ACTIVITY
When you reach the line that contains "Foto torre comunicaciones" in the data below, start reproducing lines exactly, and stop after the line that contains "Carmel, NY 10512,508 Vista On The Lake #508".

DATA FOR THIS EXERCISE
****

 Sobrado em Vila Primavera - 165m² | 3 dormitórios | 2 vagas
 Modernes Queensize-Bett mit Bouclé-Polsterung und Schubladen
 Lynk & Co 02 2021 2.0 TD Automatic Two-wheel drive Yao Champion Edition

****

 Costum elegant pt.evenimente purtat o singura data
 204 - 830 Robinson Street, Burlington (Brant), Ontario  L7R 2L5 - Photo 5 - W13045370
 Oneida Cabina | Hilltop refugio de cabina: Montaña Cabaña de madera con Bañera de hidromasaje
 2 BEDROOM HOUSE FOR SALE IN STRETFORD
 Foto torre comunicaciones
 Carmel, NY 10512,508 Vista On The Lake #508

****

FINAL ANSWER
 Foto torre comunicaciones
 Carmel, NY 10512,508 Vista On The Lake #508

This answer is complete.